• _ACTIVITY_: Print, exactly as written, every line from the first line of the records below through the line containing "Dekorsiahome Üç Parça", and nothing further.

Dataset excerpts:
============

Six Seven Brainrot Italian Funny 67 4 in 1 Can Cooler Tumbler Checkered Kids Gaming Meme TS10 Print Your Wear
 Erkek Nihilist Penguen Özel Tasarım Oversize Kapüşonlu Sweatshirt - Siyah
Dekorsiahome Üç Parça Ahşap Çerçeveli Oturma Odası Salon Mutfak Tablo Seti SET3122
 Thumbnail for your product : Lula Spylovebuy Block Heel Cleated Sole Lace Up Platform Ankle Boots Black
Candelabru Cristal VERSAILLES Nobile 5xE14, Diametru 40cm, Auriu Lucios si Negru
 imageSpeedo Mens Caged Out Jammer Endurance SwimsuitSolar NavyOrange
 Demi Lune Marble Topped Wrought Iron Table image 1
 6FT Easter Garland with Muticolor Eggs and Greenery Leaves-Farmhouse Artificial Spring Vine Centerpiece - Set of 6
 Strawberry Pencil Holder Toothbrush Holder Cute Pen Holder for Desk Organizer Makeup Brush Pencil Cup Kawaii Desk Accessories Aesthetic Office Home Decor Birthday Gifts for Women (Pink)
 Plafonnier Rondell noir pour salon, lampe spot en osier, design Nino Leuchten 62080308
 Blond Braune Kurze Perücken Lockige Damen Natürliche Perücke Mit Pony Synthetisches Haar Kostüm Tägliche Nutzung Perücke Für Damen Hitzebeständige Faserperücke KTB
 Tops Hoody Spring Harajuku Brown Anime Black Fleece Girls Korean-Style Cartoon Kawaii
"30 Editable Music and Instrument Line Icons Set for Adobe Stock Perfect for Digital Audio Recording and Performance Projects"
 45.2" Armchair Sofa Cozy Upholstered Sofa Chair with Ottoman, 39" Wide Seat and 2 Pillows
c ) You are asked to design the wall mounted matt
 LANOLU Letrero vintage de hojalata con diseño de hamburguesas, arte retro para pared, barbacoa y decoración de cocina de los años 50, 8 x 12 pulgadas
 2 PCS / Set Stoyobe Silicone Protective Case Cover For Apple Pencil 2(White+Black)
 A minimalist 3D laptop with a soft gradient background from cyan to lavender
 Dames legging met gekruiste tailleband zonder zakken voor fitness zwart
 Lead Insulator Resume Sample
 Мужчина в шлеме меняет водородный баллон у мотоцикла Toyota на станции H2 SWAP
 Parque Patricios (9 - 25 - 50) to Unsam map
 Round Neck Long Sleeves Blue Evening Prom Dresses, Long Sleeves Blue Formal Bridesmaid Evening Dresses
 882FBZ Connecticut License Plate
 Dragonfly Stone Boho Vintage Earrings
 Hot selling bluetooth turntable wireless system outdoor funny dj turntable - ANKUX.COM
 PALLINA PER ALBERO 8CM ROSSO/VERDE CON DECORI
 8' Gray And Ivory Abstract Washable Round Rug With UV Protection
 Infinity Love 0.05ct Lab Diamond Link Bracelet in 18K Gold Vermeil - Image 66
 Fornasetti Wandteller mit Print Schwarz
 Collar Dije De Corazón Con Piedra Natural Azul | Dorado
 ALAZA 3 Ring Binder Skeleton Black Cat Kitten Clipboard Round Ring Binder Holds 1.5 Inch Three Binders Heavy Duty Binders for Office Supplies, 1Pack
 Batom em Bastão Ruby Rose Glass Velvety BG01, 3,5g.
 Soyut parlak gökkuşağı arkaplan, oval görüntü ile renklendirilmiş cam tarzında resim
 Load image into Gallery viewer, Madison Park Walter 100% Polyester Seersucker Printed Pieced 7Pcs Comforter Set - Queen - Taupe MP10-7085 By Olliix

============

• _TASK RESULT_:
Six Seven Brainrot Italian Funny 67 4 in 1 Can Cooler Tumbler Checkered Kids Gaming Meme TS10 Print Your Wear
 Erkek Nihilist Penguen Özel Tasarım Oversize Kapüşonlu Sweatshirt - Siyah
Dekorsiahome Üç Parça Ahşap Çerçeveli Oturma Odası Salon Mutfak Tablo Seti SET3122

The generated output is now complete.